To the Doctor Who Ignored My Rare Disease Because He Thought I Was Drunk

February 28, 2019

To the Doctor who ignored my Rare Disease because he thought I was drunk,

I don't blame you. I get it. A girl in her mid 20's comes in disoriented with slurred speech and shielding her eyes from the light, obviously assuming she's drunk seems like a pretty good call. It seems like a safe call. Except there was nothing safe about it.

I was quickly approaching the 4 hour stroke window (according to my neurologist). I knew I needed a CT scan. I knew we were running out of time. I was afraid this time it wasn't just an Hemiplegic Migraine, I was afraid it was an actual stroke. And I was scared because I had no way to tell you what I needed.

By the time I got to you I had already been to an urgent care center. I had collapsed there and hit my head, which is when my speech went out. I had had symptoms coming on slowly for an hour before I arrived in urgent care and even though I had multiple hemiplegic migraines in the weeks prior to this, this one felt different, so I went in.

They called an ambulance to take me to the ER you worked at. Somewhere in between being at urgent care and getting to you it was never relayed that I had hit my head. If it had been, I would have been sent to get a CT scan immediately. But since it wasn't, I was put in a bed and left in a hallway.

The ER was really crowded and understaffed that night so there were no rooms left and you had to have a male nurse give me an EKG in the middle of the hallway. The nurse looked so embarrassed, he asked if I had had one before and I tried to nod yes. He looked a little relieved, and said he was glad I knew what was going on. After the EKG he poked my finger with a needle. It was the 4th time that had happened that night. They kept telling me they needed to recheck my blood alcohol levels since no alcohol was showing up.

He put my bed back in my spot in the hallway and said you'd be there soon. The next hour or so is a blur since HM's cause a lot of cognitive problems. I vaguely remember you coming over and me trying to say my name and that I was there for a hemiplegic migraine, but it came out as a jumbled mess. I can't remember much of what you said. I remember you leaving and coming back a few times. And I remember you telling me to calm down when I started crying and saying that you can't help me until I can tell you what is wrong with me.

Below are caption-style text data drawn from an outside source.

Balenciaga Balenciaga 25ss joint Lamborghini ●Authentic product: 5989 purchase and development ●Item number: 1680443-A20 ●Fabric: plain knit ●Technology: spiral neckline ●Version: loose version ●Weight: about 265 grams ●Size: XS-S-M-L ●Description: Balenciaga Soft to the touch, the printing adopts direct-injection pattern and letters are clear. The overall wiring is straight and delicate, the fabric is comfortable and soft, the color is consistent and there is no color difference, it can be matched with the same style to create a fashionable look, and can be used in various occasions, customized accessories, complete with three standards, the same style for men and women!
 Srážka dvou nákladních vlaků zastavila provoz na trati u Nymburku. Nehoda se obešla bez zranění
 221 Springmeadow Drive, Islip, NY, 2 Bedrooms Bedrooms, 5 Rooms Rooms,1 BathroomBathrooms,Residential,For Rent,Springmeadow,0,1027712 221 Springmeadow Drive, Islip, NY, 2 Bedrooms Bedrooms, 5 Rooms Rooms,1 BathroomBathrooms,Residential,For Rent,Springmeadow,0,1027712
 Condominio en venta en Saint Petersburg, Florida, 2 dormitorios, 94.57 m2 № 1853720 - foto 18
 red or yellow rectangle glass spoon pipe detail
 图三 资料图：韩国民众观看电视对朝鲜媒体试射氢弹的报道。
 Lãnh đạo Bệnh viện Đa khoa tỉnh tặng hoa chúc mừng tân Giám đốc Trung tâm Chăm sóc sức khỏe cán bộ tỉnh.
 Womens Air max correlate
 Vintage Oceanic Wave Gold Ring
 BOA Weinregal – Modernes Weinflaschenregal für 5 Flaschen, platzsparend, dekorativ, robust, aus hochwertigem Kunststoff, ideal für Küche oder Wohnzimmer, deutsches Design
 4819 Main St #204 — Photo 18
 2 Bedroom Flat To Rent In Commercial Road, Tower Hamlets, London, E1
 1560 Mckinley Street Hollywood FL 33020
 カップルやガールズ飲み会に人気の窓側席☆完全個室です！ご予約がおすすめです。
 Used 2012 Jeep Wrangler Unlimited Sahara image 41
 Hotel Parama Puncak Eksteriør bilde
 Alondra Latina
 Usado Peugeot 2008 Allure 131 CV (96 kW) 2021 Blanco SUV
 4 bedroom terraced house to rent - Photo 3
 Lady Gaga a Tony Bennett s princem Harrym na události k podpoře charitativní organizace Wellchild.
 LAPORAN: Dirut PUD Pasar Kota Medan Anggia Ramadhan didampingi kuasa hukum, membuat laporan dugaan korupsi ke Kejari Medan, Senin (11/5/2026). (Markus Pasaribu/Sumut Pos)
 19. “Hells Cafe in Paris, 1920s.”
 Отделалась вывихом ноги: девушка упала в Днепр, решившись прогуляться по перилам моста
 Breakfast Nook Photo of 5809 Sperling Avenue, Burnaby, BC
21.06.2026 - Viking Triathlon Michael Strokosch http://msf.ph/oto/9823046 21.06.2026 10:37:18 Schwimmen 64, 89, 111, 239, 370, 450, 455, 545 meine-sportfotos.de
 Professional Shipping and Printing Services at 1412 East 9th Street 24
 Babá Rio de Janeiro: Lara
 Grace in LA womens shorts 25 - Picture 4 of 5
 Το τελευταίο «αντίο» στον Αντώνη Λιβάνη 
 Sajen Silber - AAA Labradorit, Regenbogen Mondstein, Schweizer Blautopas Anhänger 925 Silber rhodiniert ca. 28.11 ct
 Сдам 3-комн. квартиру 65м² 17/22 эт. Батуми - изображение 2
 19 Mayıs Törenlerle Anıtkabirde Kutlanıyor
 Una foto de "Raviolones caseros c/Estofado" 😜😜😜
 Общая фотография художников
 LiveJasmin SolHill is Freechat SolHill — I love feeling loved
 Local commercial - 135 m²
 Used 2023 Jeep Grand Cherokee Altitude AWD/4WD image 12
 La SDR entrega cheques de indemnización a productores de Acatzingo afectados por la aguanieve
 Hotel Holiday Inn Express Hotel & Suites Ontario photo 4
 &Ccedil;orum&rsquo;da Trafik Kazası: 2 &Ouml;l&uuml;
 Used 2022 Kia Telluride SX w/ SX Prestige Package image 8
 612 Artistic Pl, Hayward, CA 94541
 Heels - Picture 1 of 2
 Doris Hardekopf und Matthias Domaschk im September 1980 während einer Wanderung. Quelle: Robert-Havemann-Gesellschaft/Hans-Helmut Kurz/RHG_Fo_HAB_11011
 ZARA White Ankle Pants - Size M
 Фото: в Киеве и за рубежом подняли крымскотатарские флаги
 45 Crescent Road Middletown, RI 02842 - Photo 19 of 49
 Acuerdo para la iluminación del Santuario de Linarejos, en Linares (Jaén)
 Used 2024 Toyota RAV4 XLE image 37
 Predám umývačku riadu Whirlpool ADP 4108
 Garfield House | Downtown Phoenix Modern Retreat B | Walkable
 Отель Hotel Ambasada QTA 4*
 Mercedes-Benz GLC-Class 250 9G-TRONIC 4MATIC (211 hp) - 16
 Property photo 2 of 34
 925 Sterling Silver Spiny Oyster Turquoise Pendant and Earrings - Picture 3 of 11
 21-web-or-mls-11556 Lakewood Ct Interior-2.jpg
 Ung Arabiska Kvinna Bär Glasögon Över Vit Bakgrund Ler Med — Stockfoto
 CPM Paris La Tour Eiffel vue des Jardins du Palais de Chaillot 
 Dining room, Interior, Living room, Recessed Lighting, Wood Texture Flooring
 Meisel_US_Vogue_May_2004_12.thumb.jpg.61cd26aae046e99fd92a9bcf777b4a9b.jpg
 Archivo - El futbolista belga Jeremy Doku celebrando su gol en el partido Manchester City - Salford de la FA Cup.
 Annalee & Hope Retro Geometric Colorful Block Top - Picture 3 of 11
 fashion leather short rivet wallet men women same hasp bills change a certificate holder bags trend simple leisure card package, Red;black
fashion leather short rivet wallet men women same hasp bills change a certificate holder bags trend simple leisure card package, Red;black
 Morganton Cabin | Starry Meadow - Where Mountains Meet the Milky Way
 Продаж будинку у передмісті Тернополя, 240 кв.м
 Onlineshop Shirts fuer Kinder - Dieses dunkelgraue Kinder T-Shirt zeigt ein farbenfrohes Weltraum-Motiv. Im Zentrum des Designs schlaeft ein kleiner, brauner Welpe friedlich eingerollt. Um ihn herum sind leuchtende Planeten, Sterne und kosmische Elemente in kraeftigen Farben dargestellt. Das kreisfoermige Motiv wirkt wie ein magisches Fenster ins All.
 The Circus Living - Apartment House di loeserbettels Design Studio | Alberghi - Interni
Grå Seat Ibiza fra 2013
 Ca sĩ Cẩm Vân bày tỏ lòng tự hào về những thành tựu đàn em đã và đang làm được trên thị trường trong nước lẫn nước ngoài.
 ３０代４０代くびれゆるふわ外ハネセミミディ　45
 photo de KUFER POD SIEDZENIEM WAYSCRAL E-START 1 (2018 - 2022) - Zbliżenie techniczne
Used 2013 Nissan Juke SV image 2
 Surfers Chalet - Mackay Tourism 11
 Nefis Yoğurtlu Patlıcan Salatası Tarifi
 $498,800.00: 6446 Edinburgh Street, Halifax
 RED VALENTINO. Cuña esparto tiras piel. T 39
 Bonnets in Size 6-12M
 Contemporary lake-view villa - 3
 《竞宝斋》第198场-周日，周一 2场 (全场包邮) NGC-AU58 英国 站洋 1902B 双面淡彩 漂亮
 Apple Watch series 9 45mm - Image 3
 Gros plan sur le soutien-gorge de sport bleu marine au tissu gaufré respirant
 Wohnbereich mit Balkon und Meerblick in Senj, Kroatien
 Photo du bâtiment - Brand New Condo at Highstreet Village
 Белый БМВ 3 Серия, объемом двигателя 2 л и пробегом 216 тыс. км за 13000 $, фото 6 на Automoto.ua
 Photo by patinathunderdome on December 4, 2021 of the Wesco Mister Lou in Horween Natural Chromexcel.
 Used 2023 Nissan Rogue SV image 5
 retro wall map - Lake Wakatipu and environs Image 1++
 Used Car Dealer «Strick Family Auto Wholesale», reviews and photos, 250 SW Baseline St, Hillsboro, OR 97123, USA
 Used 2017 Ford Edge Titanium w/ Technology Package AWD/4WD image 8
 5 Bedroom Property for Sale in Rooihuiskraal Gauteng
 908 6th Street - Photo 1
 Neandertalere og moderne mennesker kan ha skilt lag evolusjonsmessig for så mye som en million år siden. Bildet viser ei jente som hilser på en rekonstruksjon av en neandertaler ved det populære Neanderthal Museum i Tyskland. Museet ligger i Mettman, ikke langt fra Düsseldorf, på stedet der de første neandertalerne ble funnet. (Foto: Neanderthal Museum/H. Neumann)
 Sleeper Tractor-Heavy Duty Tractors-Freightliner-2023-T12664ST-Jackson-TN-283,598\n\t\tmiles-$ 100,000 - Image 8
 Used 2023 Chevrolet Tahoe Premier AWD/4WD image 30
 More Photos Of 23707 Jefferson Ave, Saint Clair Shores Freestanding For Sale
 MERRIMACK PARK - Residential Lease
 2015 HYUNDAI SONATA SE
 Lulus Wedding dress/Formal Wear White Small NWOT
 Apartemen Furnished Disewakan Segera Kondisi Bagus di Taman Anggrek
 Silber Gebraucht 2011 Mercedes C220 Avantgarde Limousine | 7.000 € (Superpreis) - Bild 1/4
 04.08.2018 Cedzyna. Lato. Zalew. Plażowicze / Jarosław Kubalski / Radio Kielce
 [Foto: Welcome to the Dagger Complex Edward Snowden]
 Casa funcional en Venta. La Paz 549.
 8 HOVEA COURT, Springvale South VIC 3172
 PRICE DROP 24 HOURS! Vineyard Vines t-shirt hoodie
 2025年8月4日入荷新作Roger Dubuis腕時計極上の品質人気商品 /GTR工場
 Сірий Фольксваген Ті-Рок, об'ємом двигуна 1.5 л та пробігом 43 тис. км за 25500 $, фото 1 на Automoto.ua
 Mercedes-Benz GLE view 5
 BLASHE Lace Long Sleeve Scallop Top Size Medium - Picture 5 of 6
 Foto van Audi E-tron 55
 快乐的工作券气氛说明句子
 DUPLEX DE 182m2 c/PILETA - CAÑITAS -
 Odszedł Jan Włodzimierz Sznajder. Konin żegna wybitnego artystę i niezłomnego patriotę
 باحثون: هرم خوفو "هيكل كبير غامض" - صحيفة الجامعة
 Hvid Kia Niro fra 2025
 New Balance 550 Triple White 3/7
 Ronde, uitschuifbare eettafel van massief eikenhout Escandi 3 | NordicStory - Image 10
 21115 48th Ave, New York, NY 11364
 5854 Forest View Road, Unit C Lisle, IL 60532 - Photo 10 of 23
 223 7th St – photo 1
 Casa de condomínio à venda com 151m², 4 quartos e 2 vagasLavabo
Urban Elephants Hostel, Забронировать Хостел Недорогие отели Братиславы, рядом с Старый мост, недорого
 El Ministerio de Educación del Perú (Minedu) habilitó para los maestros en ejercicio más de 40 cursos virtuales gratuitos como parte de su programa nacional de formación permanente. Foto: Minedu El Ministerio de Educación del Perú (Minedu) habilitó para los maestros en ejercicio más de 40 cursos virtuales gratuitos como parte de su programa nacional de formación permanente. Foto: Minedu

About an hour and a half after I got there, a female nurse came over and said she was going to start an IV. I was so afraid it'd be like the last time I went to the ER for an HM, the doctor would wait until I was exhausted, drug me and send me home with no memory of how I got there.  I was finally alert enough to find my phone and send my friend my location and told them to get someone there. I couldn't be alone anymore, not if I couldn't talk. I was afraid someone would mess up and give me the wrong medication or something. Of course this freaked out my friends, they know I never ask for help so if I am asking, something must be seriously wrong.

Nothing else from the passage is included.